There is, however, an extraordinary irony that his decision resulted in Judge Robert Chauvin taking on the case. In 2013 Brendan Lyons, investigative reporter for the Times Union, published an article which documented the sordid history of the incestuous world of developers and town officials focusing particularly on Robert Chauvin. It is important to note that in 2015, subsequent to this article, Halfmoon Supervisor Melinda Wormuth was convicted for bribery. She was caught in a sting set up by the FBI. She subsequently cooperated with the government which resulted in the conviction of a major developer in Halfmoon.
This is an excerpt from a story by Brendan Lyons in the December 11, 2015, Times Union.
The FBI’s probe also examined a $50,000 payment that Wormuth and her husband received from aHalfmoon builder and longtime financial supporter of the town Republican Committee. The builder said the $50,000 payment was a loan that the couple later repaid.

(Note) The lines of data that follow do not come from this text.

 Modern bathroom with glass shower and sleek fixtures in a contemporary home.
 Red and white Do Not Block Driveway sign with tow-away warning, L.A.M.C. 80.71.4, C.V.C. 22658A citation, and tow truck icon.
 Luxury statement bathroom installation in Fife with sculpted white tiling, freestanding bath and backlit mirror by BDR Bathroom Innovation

Wormuth did not disclose the payment to other town officials or the public, and her husband, Larry, received the money at a time when The builder had projects pending before the Town Board.

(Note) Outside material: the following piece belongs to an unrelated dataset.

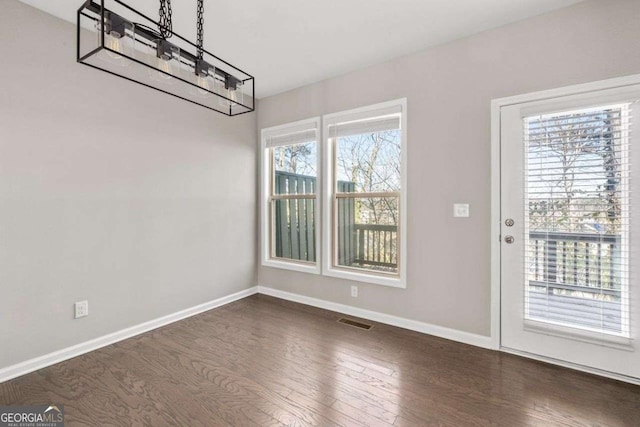 unfurnished dining area with dark hardwood / wood-style floors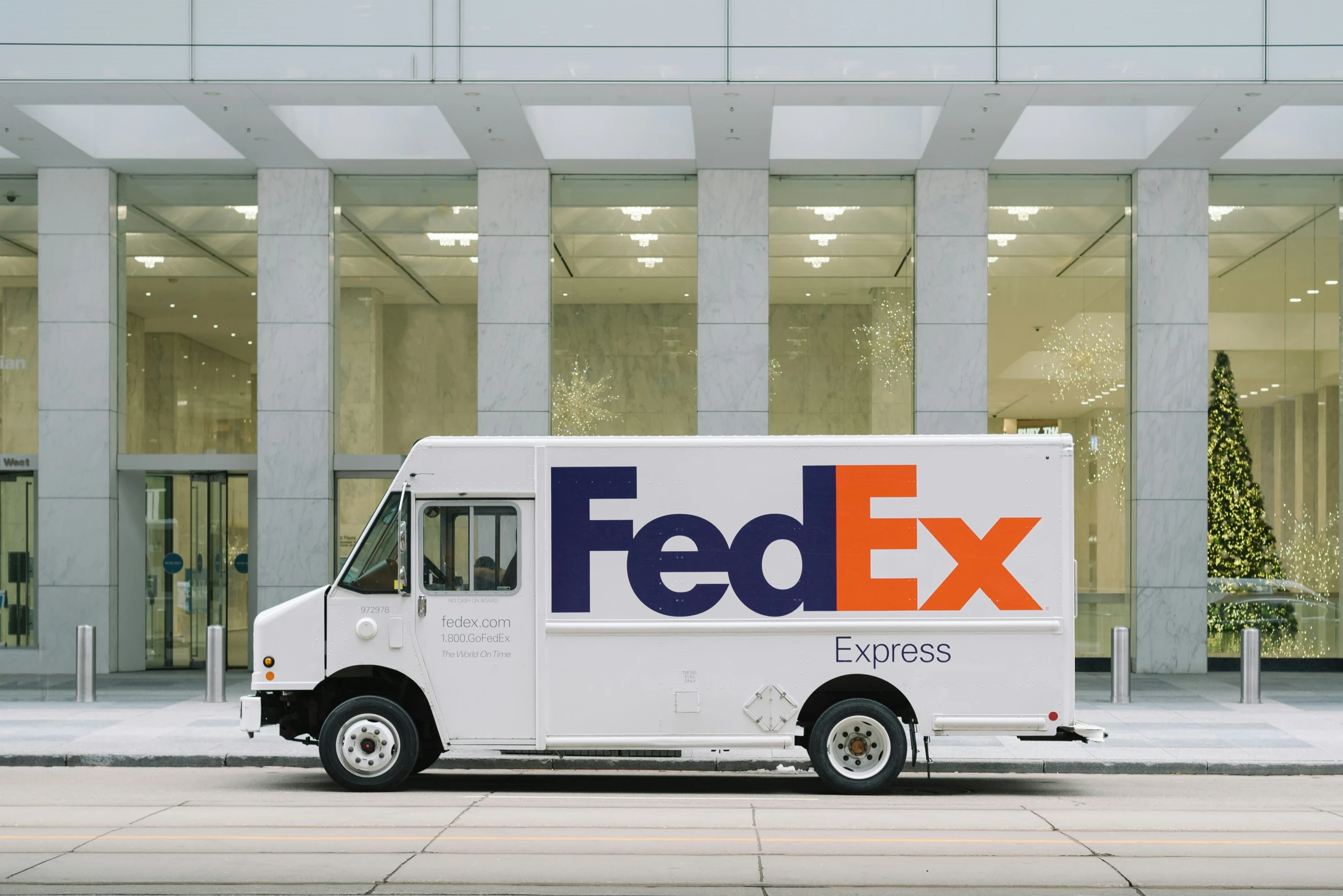 the fedex truck is parked outside of the building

The builder was not charged in connection with the loan, but was convicted of using his employees and business associates to illegally funnel campaign donations to Wormuth. The office of Attorney General Eric Schneiderman prosecuted the state case. The builder is Halfmoon’s most active builder and a longtime financial supporter of the town Republican Committee and state Sen. Kathy Marchione, R-Halfmoon.
This is from a Times Union article written by Brendan Lyons and published on August 12, 2013.
State Supreme Court Justice Robert J. Chauvin, who was a town attorney in Halfmoon for 25 years until 2011, took steps to conceal his financial interests in numerous large housing developments by recruiting a close friend as the “public face” of the projects in exchange for a share of the profits.
The arrangement, which was never made public or examined by the town’s ethics committee, lasted years and involved several large subdivisions built between the 1990s and mid-2000s and at least one private sewer corporation.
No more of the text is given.